Pour masquer leurs traces, les cybercriminels peuvent aussi jouer à une sorte de ping-pong. Après avoir transféré les fonds volés sur des adresses de rebond, ils vont faire interagir les portefeuilles entre eux, manuellement ou en utilisant des bots. « Plus il y a d’intermédiaires, plus cela va être compliqué de dire que ce sont bien les fonds de la victime », détaille Sébastien Martin. En bout de chaîne, les cryptos vont alors être dirigées vers des échangeurs centralisés ou décentralisés.

Dans une affaire de rançongiciel récemment jugée par la justice française, les pirates avaient combiné l’utilisation d’un mixeur et la conversion d’une partie des rançons en Monero. Elles étaient changées ensuite en Tron ou en Bitcoin. Ces passages d’une crypto à une autre peuvent passer aussi par le protocole décentralisé THORchain. Pour les voleurs, utiliser ce protocole permet de convertir plus facilement les fonds en Bitcoin, la crypto phare, et par conséquent la plus liquide.

Dans le cas de DMM Bitcoin, les cybercriminels avaient eu recours pour les mêmes raisons à la blockchain Tron. Cette dernière permet des transferts plus rapides. Elle est ainsi appréciée par les grands acteurs crypto, comme Binance pour faire des opérations de compensation. Les cybercriminels jouent également de la conversion en un stablecoin, ces actifs censés simuler le cours de monnaies classiques, tel l’USDT, achetable notamment sur la blockchain Tron. Ce genre de cryptoactif va intéresser les cybercriminels pour trois raisons. Un, leur cours fluctue peu. Deux, de nombreux projets crypto les utilisent par défaut. Et trois, ils représentent des volumes assez importants.

Un gel possible, mais parfois un peu trop lent

« C’est plus simple à gérer pour des attaquants, comparé à des actifs moins connus ou plus confidentiels », résume Sébastien Martin. Revers de la médaille pour les cybercriminels, ces fonds peuvent être bloqués. Tether, l’entreprise derrière l’USDT, a la possibilité technique de le faire, à sa discrétion. Le groupe qui rassemble Tether, Tron et TRM Labs, destiné à lutter contre les activités illicites sur la blockchain, affirme avoir ainsi gelé plus de 150 millions de dollars depuis sa création en septembre 2024.

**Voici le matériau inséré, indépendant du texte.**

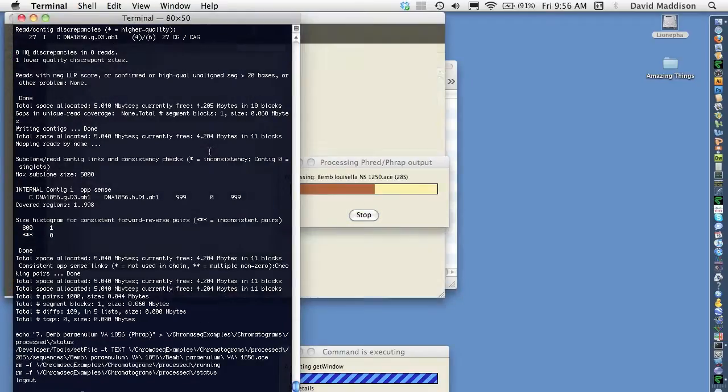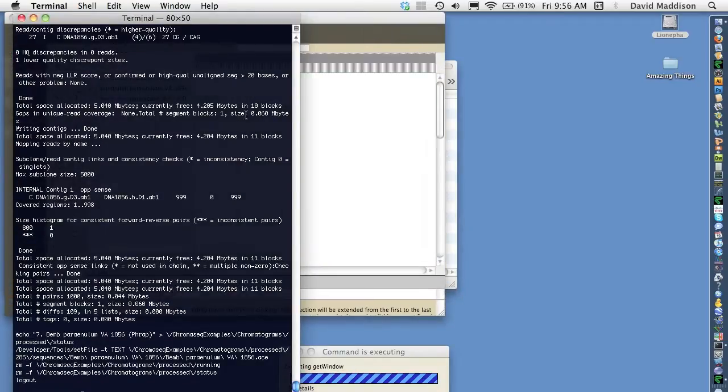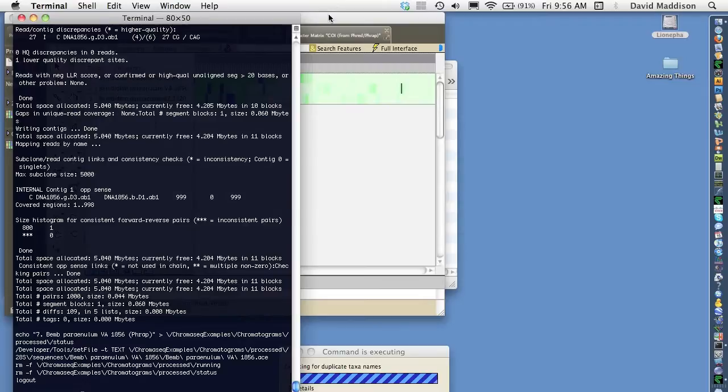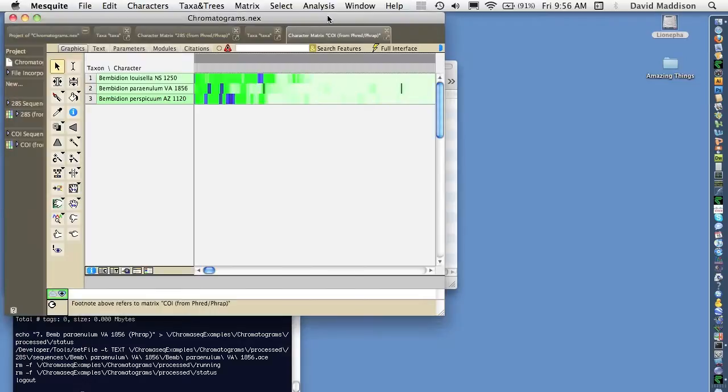So ChromaSeq is scripted fred and frap to make base calls and do contigging. It's pulled in the results, done some necessary post-processing like trimming and changing things to ambiguity calls as needed.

Reste que, on l’a vu, tous les acteurs de la crypto ne mettent pas forcément l’entrain nécessaire pour permettre le gel de ces fonds. « Plusieurs protocoles décentralisés ont récemment vu près de 100 % de leur volume provenir de la Corée du Nord et refusent d’assumer la moindre responsabilité, s’indignait à la mi-mars l’enquêteur crypto star ZachXBT. Les plateformes d’échange centralisées finissent par être pires : lorsque des fonds illicites transitent par elles, certaines mettent plusieurs heures à réagir alors qu’il suffit de quelques minutes pour les blanchir. »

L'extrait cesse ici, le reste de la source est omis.